Galina a vécu ses mois d’occupation au rythme des nouvelles de radio Z et parfois du « Z de Kharkhiv ». « Nous n’avions aucune nouvelle de l’extérieur. Enfermés chez nous, on ne savait que ce qu’ils nous disaient », soupire la vieille dame. Et puis, un beau jour, un voisin a acheté un générateur et l’immeuble de Galina a pu voir la télé ukrainienne. « En une heure, on a appris trois mois de nouvelles, les massacres de Butcha, mais aussi l’engagement de la communauté internationale a nos côtés ! » Un peu comme dans le film « Good Bye Lenine » quand, après un long coma, une femme découvre le monde post-soviétique que lui cachait son fils.
Nadia, qui dirige le pâté de maisons qui longe le cimetière Shakespeare, a aussi été bercée par la propagande de radio Z. Elle ne croit pas que les Russes ont commis des exactions. Ils lui ont donné de la nourriture et du dentifrice, et les médecins russes, dit-elle, soignaient les malades de la rue. Son mari est dans la construction, son beau-fils est croquemort et ils ont continué à travailler sous l’occupation. A l’heure du déjeuner, sa table se couvre de viande, de cèpes et d’une tarte aux fruits. Elle pense qu’il y a des « gens mauvais » dans chaque camp, et renvoie les politiciens russes et ukrainiens dos à dos : « Nous, les civils, nous voulons la paix. Nous ne sommes pas des objets pour que l’on passe de mains en mains, d’un camp à l’autre. Un jour nous devront bien vivre ensemble, côte à côte et plus face à face ! »
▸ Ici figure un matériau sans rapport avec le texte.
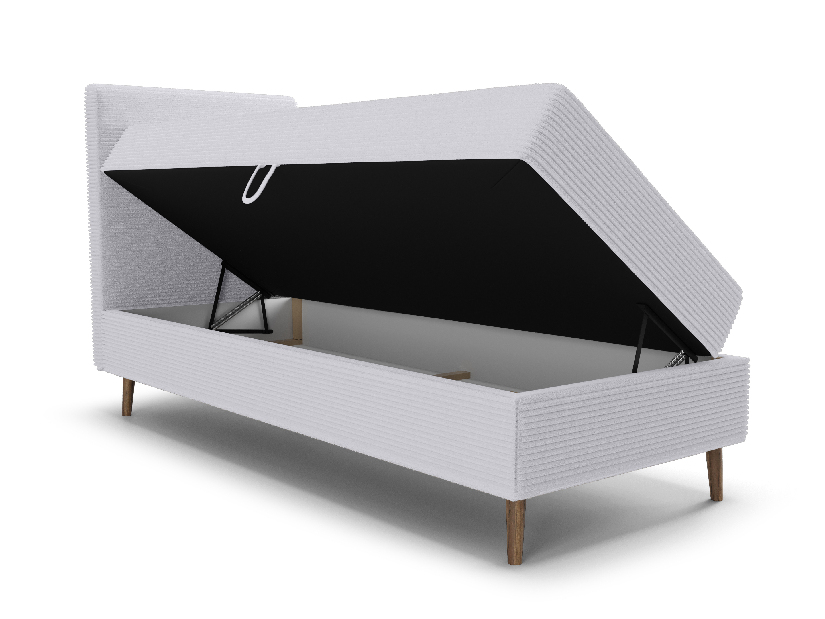 Egyszemélyes ágy 90 cm Napoli Comfort (szürke) (ágyráccsal, tárolóhellyel)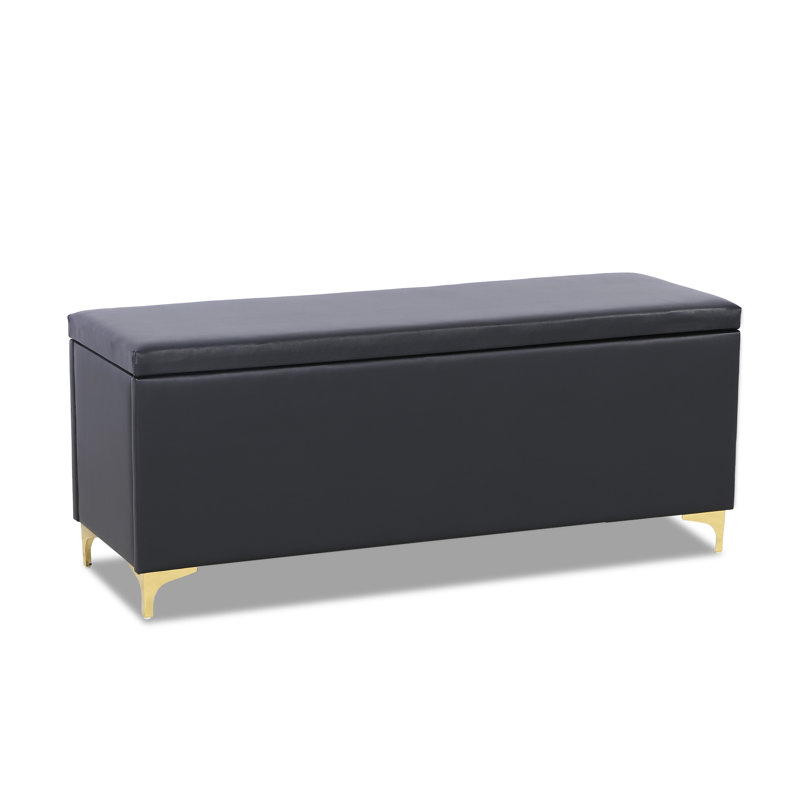 Modern Black Storage Ottoman Bench With Gold Legs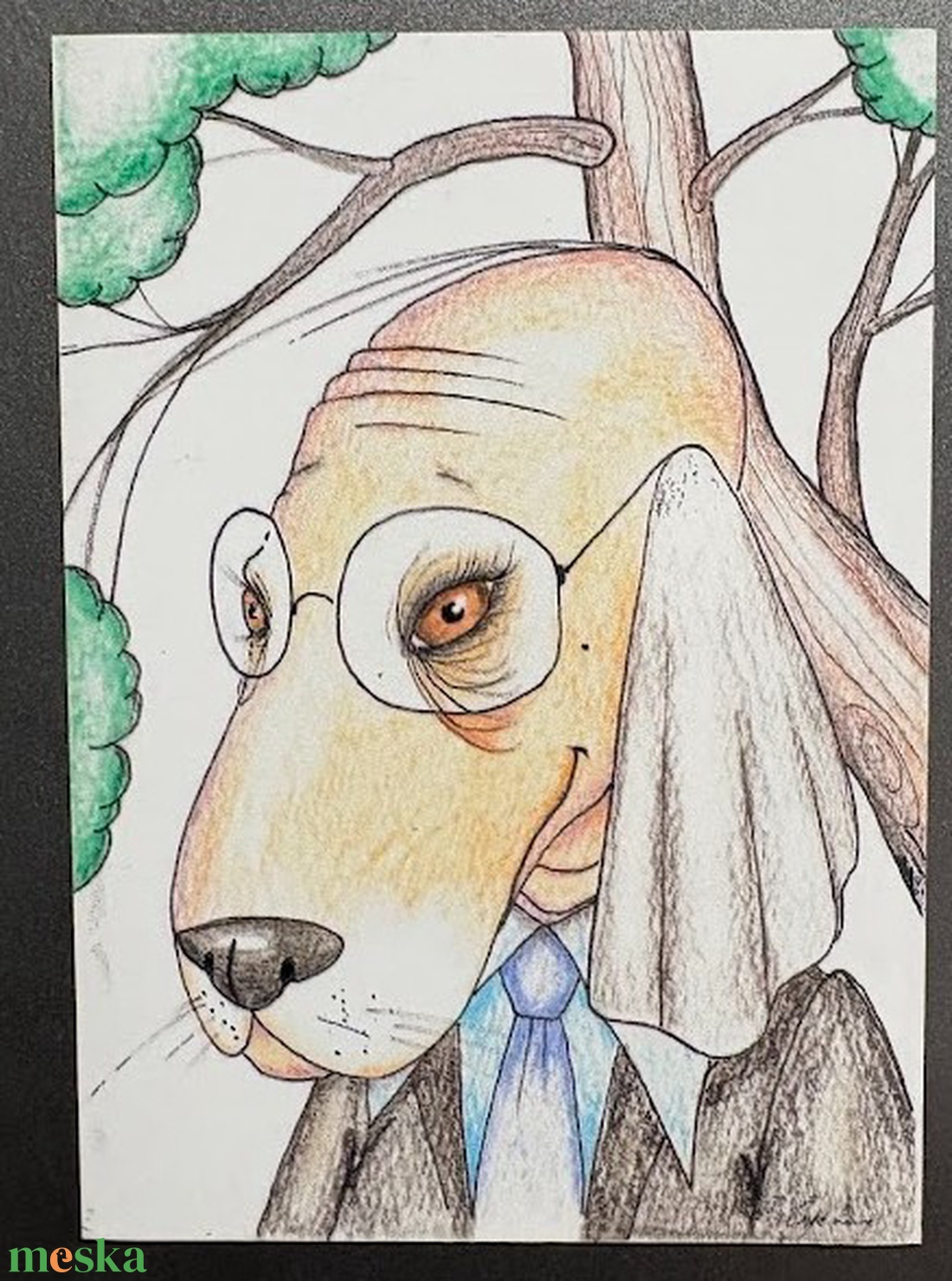 Hűtőmágnes - Kapó Elemér szemüveges kutyus - otthon & életmód - konyhafelszerelés, tálalás - konyhai dekoráció - hűtőmágnes - Meska.hu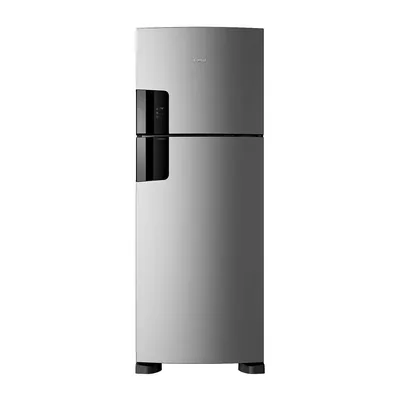 Foto frontal da geladeira Consul CRM56M · 127 V ou 220 V, acabamento Inox
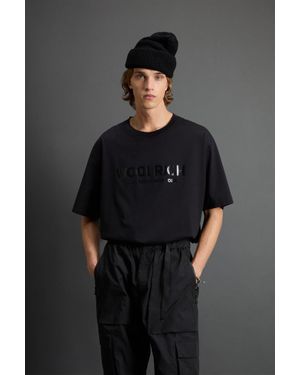 Woolrich Herren T-Shirt Aus Reiner Baumwolle Mit Logo By Todd Snyder Schwarz Größe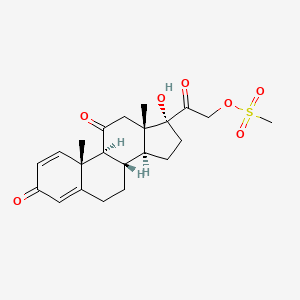 molecular formula C22H28O7S B11830484 17-Hydroxy-21-[(methylsulfonyl)oxy]-pregna-1,4-diene-3,11,20-trione 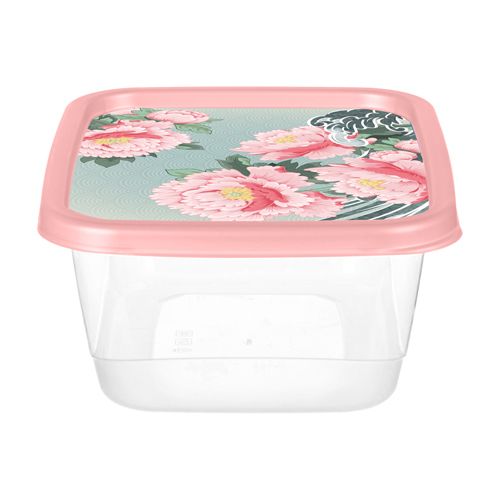 Контейнер для продуктов прямоугольный 0.85 л Homver 223151608/04 с декором Сад пионов розовый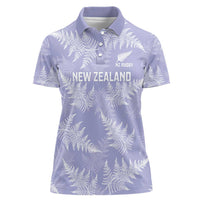 New Zealand Silver Fern Rugby Custom Women Polo Shirt Go Aotearoa Champions Purple Version LT14 Female Purple - Polynesian Pride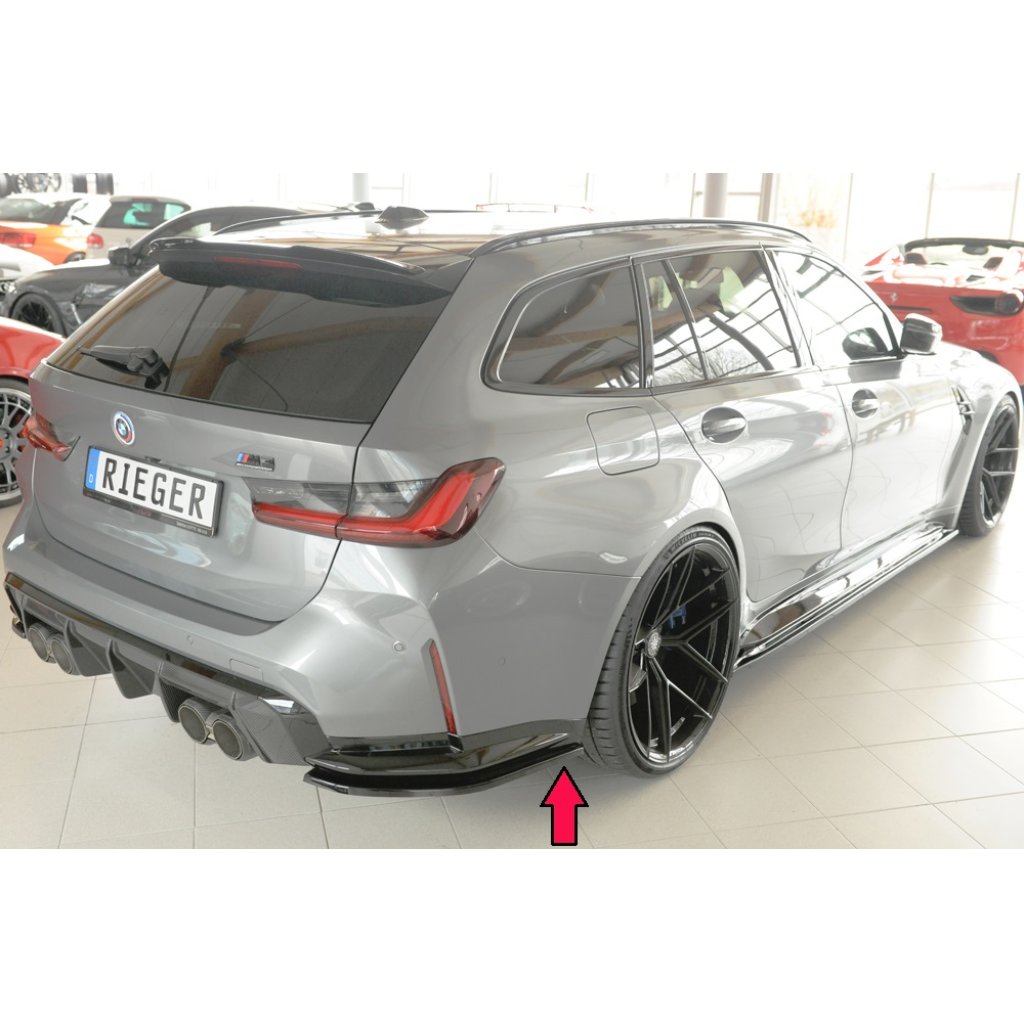 Rieger spoiler pod zadní nárazník na pravé straně pro BMW řada 3 G81 M3 touring r.v. 07/22-, plast ABS lakovaný do černé lesklé barvy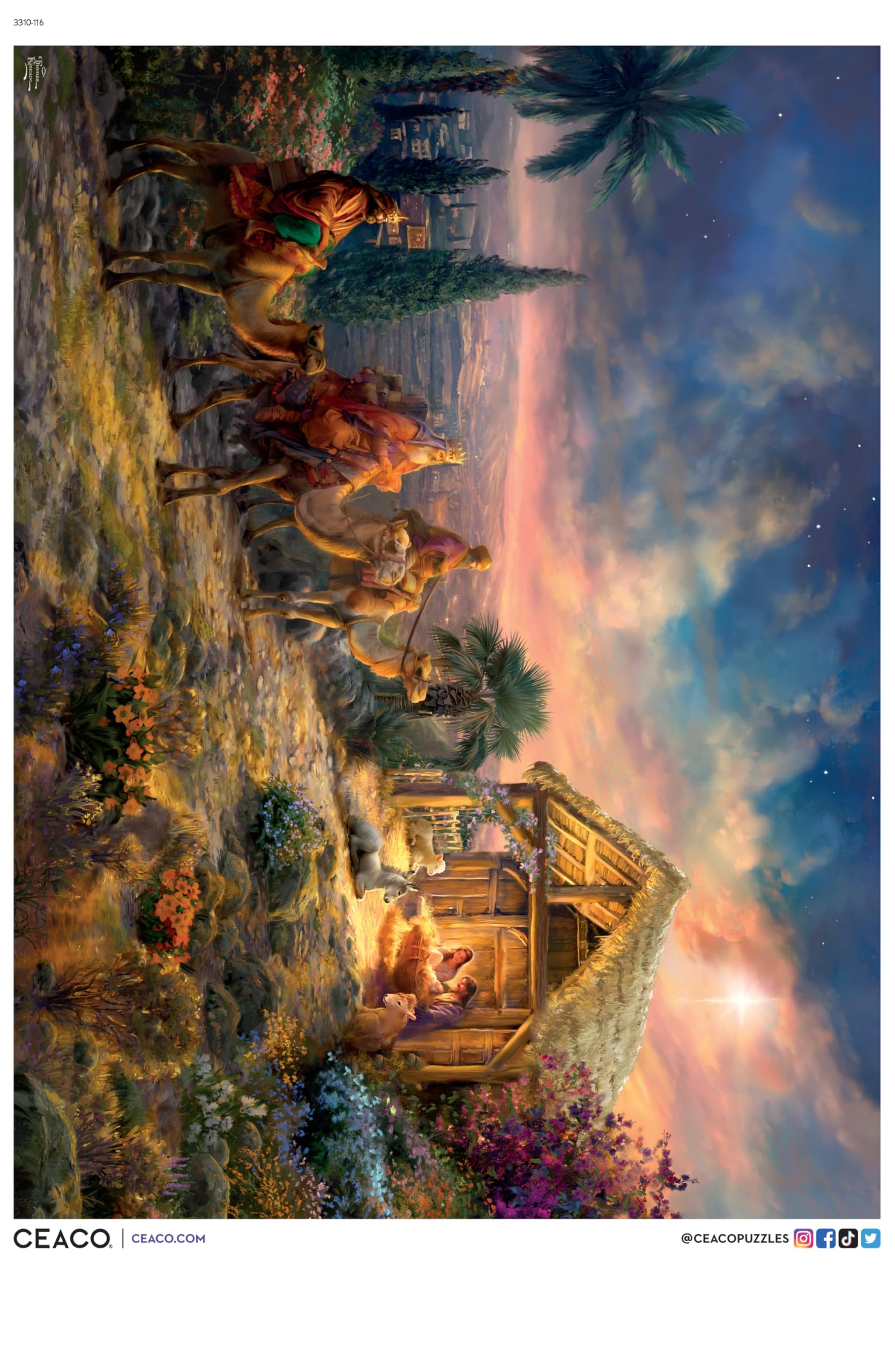 CEACO Thomas Kinkade, Away in a Manger, 1000 Piece Adult Jigsaw Puzzle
Au moment de quitter Izioum, je vois une dame aux traits tirés sortir de sa maison. Je m’arrête : Natalia Vassilivna, 67 ans, vient de Borodychne, une ville à 40 km d’Izioum, et elle fond en larmes dans mes bras quand je commence à l’interroger. A la veille de l’invasion russe, elle s’était réfugiée dans les grottes des moines du monastère de Sviatohirsk, mais les moines étaient de l’Église de Russie et lui récitaient plus régulièrement que leurs prières la propagande russe. Alors elle est retournée dans sa ville se cacher dans un abri d’où les soldats de Poutine ont fini par la déloger après avoir pilonné la ville. Avec 32 personnes, elle a dû marcher pendant deux jours, buvant l’eau des ruisseaux, et mangeant l’herbe des talus, zigzaguant entre les cratères des bombes. A Izioum, tout le groupe est monté dans des bus direction de la Russie, tous sauf elle. Car une doctoresse, Svetlana Danielovna, au péril de sa vie, l’a cachée dans une petite clinique. Aujourd’hui Natalia a acheté un vélo et une petite charrette et entend bien retourner chez elle : « Maudit Poutine, dites bien ce qu’il nous a fait, tout le monde doit savoir ».